L’opposition, de son côté, ne l’entend pas de cette oreille et veut savoir si les contribuables ont obtenu “value for money”. Les administrateurs, observe-t-elle, ont déjà touché un pactole de Rs 47 millions, et les services aux compagnies auxquelles ils ont eu recours s’élèvent à Rs 111 millions. Les noms de ces compagnies sont d’ailleurs réclamés. Le leader de l’opposition, Xavier-Luc Duval, se demande ainsi comment les pertes de Rs 2,5 milliards enregistrées par Air Mauritius avant l’arrivée des administrateurs sont passées à Rs 9,5 milliards aujourd’hui. Il veut aussi savoir pourquoi les appareils d’Air Mauritius ont été vendus pour « dipin diber ». Arvin Boolell, pour sa part, réclame un débat à l’Assemblée nationale.

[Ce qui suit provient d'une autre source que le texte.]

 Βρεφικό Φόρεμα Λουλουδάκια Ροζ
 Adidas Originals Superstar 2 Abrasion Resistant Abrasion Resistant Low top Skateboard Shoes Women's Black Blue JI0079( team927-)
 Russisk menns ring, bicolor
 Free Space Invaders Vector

Quant à l’avenir, le Premier ministre, avant de donner des détails sur les mesures que compte prendre le gouvernement, a fait comprendre qu’un travail colossal doit être abattu. Dès le lendemain du “watershed meeting”, il a corrigé la décision prise par les administrateurs de mettre 18 pilotes en congé sans solde de cinq ans. Au dire des bénéficiaires, c’est un bon signal pour l’avenir.

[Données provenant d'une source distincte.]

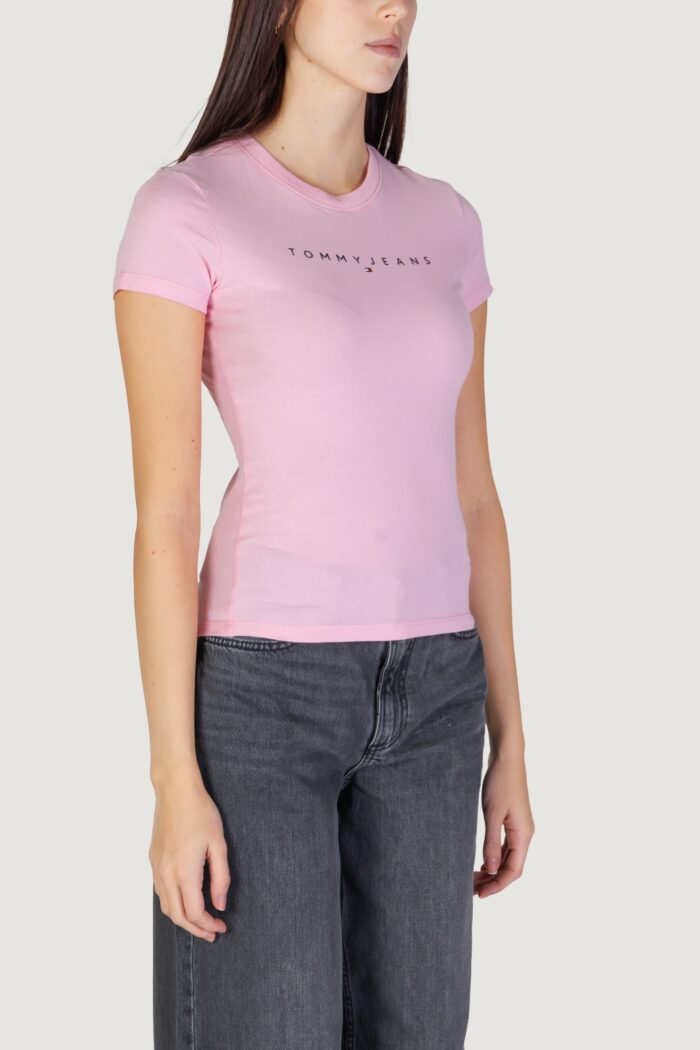T-shirt Tommy Hilfiger Jeans tjw linear tee Rosa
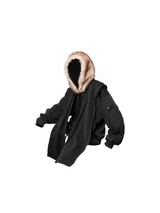 RELABEL Spatial Relations (Fallen Blossoms) Water-washed, colour-faded wool beanie Detachable zip-up cardigan Oversized silhouette heavyweight sweatshirt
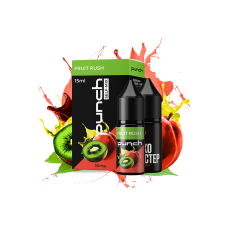Жидкость Punch Salt Fruit rush 15 мл 50 мг Киви Лимон Персик Самозамес Жидкость Punch Salt Fruit rush 15 мл 50 мг Киви Лимон Персик Самозамес
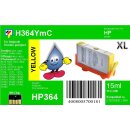 HP364Y - TiDis Ersatzpatrone - yellow - mit 15ml Inhalt...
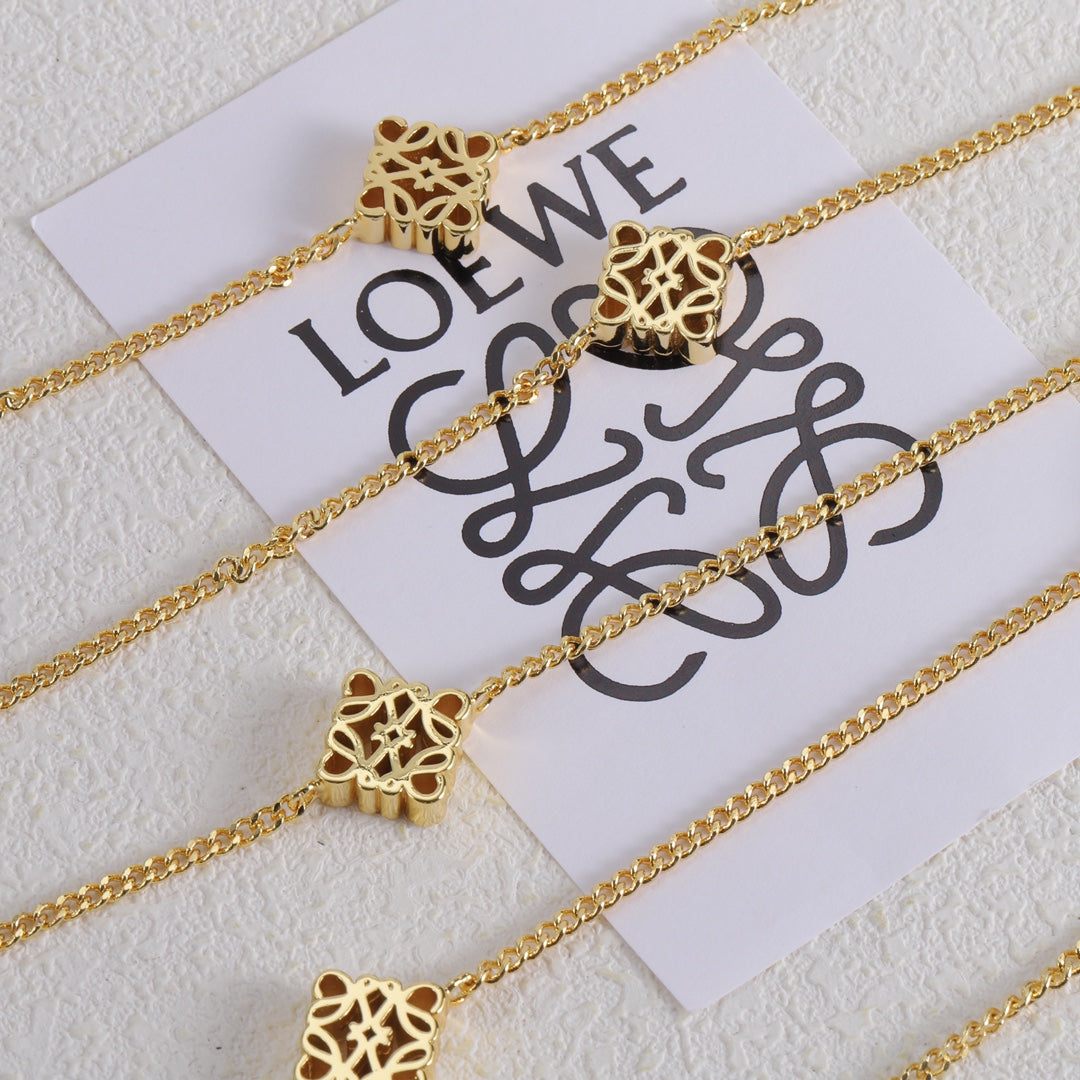 LOEWE Anagram Long 18K Gold Necklace product image 7, provided for visual reference and product detail review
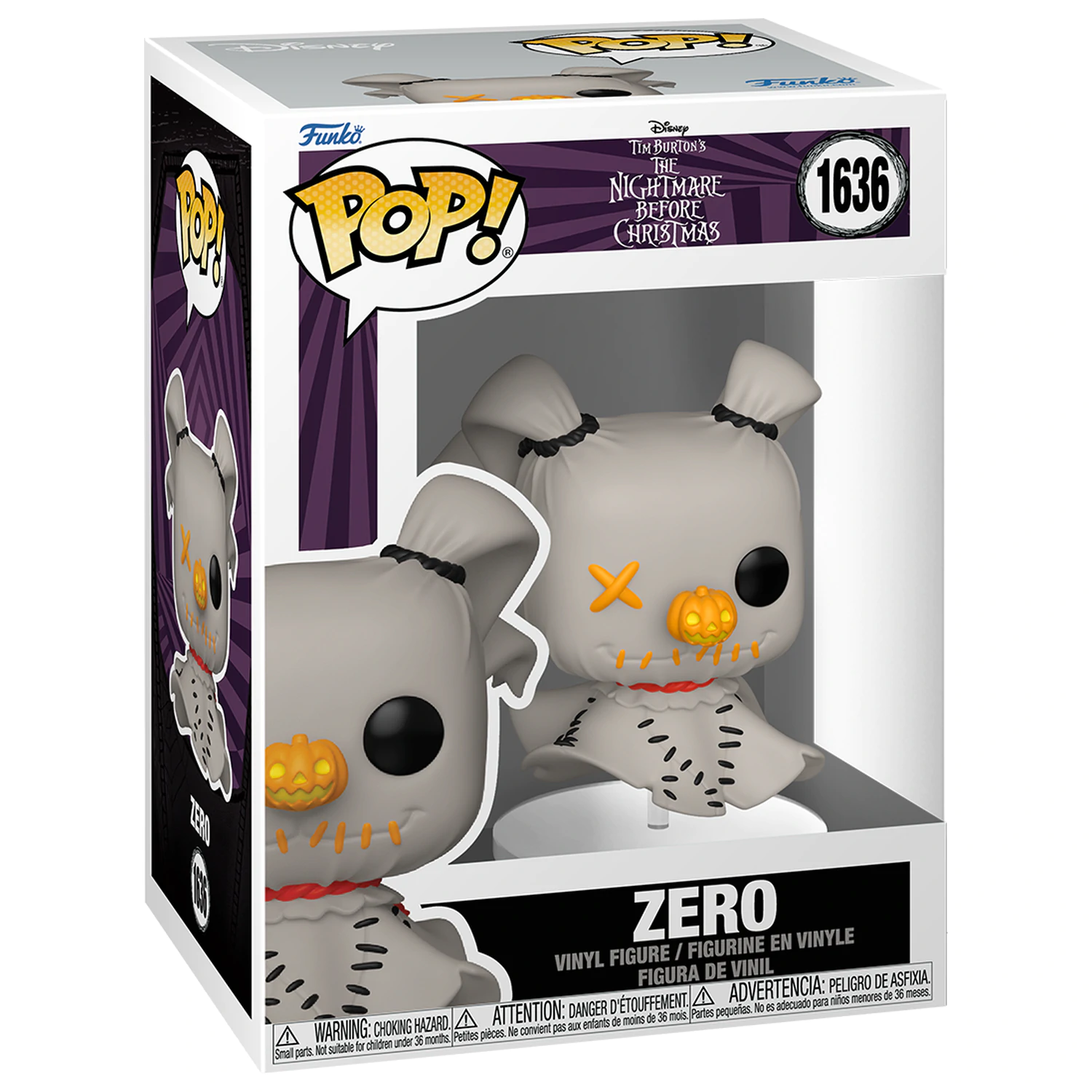 Nightmare Before Christmas Funko POP! Vinylová figurka Patchwork - Zero 9 cm fotografii produktu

Mais on n’est toujours pas sorti de l’auberge. On assiste en effet à une levée de boucliers contre l’inclusion d’Air Mauritius dans un conglomérat qui comprend également Airports of Mauritius, l’Airport Terminal Operations Ltd et Mauritius Duty Free Paradise. Plusieurs commentateurs, dont l’ancien ministre des Finances Rama Sithanen, réclament ainsi qu’Air Mauritius soit une compagnie autonome, avec un conseil d’administration et un CEO véritablement indépendant et libre de toute pression gouvernementale et politique.

Plus important encore, les contribuables veulent savoir comment les Rs 12,5 milliards que le gouvernement injectera seront dépensées et si cela se fera en toute transparence. Il y a donc du pain sur la planche. Souhaitons qu’Air Mauritius puisse reprendre son envol dans l’intérêt de la compagnie, de ses employés et de l’économie mauricienne dans son ensemble.